Landmijnen: de strijd gaat verder

De ondertekening van het Verdrag van Ottawa in december 1997 was wellicht een kleine maar toch een belangrijke stap in het ontwapeningsproces.

135 landen ondertekenden het en 84 landen hebben het sindsdien geratificeerd.

58 landen, waaronder grote mogendheden gebruiken nog steeds uitvluchten om zich niet aan te sluiten.

De openbare opinie heeft een belangrijke rol gespeeld in de strijd voor het tot stand komen van het verdrag. Onder leiding van Handicap International en het Internationale Rode Kruis hebben 1200 vredes-, sociale – en politieke organisaties uit de ganse wereld hierbij een belangrijke rol gespeeld.

België heeft bij het tot stand komen van het Verdrag aanzienlijk bijgedragen.

In juni 1997 ging te Brussel, als aanloop tot Ottawa, een internationale conferentie door. Ons land was ook het eerste dat in maart 1995 eenzijdig de productie en de verkoop van antipersoonsmijnen verbood. In 1997 vernietigde het zijn laatste voorraad mijnen. Vandaag werkt ons land nog steeds mee aan ontmijningsprojecten in Cambodja, Laos en Angola.

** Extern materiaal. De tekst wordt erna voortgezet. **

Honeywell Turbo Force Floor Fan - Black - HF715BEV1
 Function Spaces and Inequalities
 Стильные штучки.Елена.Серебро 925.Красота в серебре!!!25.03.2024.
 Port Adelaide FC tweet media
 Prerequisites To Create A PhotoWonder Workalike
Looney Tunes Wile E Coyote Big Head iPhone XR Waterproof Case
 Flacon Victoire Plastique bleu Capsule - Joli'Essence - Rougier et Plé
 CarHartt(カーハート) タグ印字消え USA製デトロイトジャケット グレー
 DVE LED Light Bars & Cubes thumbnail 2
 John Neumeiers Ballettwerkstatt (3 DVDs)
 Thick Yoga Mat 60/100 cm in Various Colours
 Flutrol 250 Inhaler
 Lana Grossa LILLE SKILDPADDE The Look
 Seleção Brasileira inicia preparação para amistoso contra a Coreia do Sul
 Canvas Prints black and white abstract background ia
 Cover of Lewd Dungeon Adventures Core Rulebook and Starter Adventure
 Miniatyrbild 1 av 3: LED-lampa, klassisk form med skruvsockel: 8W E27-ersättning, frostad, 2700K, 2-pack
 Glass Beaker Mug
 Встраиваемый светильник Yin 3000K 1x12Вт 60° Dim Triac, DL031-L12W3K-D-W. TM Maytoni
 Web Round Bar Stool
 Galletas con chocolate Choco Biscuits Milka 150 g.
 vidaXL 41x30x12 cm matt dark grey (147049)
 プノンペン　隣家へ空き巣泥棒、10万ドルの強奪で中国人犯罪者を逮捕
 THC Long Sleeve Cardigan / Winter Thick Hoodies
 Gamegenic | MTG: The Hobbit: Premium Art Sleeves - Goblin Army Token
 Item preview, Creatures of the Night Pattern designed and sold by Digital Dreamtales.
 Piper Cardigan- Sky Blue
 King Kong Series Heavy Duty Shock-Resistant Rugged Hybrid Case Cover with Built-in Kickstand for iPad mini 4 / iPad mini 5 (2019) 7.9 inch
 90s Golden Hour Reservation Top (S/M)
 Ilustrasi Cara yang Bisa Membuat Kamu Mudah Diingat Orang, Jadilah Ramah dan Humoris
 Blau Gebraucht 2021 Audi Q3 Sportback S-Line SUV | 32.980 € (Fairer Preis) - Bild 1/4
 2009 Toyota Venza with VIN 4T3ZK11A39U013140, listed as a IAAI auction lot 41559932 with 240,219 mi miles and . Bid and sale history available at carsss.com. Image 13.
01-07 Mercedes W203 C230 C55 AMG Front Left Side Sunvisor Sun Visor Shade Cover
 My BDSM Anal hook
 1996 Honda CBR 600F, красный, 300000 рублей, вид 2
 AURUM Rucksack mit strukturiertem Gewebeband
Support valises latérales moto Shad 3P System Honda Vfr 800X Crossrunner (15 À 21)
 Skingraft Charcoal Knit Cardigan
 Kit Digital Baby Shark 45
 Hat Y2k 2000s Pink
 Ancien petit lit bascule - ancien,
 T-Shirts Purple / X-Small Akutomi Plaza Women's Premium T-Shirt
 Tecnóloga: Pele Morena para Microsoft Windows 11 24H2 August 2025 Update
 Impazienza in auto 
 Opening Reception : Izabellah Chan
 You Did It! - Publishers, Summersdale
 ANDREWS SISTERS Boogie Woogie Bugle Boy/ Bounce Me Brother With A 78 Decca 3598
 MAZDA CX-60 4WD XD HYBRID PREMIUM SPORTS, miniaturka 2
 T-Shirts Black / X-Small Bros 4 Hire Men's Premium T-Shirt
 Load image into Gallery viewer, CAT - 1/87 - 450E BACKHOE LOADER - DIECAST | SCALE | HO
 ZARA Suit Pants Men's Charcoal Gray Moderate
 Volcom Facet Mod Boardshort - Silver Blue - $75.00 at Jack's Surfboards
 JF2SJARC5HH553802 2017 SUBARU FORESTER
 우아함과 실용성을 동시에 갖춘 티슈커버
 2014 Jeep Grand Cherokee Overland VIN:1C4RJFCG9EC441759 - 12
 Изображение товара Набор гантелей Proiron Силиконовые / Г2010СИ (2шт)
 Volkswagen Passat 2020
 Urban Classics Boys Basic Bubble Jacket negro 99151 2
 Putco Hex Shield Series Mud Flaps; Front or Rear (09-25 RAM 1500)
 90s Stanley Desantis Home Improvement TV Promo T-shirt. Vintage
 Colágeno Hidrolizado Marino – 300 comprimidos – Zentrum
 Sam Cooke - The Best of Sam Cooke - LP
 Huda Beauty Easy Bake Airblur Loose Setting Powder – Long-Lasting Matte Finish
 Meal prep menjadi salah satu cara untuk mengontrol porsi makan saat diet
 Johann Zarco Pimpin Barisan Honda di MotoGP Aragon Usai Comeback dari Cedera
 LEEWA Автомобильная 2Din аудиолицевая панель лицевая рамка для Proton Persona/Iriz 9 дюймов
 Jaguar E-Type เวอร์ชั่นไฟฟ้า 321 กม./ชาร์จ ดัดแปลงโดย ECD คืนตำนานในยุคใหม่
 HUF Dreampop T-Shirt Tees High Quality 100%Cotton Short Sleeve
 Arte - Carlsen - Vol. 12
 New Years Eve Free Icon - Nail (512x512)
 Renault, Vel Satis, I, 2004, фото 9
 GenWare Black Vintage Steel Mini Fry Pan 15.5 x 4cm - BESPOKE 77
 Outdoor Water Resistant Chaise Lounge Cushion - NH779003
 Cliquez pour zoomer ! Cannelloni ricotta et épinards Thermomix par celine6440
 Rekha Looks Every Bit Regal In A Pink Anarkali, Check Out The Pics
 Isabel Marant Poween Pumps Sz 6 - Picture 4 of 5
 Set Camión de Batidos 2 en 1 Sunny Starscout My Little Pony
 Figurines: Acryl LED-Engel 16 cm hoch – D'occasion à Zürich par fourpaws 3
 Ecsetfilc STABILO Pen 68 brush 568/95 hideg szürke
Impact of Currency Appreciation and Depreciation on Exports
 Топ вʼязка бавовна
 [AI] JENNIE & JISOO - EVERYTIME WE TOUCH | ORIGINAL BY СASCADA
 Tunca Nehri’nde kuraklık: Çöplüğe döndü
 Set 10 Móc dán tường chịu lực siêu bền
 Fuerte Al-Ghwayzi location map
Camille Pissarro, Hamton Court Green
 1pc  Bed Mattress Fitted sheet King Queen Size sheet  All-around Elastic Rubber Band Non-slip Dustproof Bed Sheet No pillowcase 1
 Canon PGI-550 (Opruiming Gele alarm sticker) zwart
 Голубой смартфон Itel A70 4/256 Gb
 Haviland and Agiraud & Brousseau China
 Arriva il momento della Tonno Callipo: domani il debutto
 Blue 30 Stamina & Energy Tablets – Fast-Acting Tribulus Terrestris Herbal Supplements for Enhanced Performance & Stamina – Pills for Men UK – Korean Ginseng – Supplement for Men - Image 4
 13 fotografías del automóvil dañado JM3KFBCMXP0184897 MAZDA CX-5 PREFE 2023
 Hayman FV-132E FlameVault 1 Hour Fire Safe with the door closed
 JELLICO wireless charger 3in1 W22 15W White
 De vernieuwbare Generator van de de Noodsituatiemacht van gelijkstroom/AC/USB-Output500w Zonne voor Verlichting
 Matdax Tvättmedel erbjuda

Hoewel het Ottawa-verdrag een belangrijke stap voorwaarts is, zullen mijnen wereldwijd en decennialang nog vele slachtoffers maken. Men schat dat er op dit ogenblik reeds 60.000 slachtoffers zijn (één om de twintig minuten) maar er is ook de enorme ecologische en economische schade voor de betrokken landen. In 108 landen liggen nog zo’n 250 miljoen mijnen opgeslagen; 87 landen daarvan zijn zwaar getroffen. Mijnen worden nog steeds wereldwijd geproduceerd in meer dan 360 verschillende modellen. Eens geplaatst ontsnappen ze aan de controle tot iemand er onverwachts op trapt met alle gevolgen vandien.

Nieuw zijn de splinterbommen die o.m. door de VS in Vietnam en door de NAVO in Kosovo en Servië uitgeworpen werden. Een deel hiervan ontploft niet en blijft liggen tot ze bij aanraking ontploffen als een mijn.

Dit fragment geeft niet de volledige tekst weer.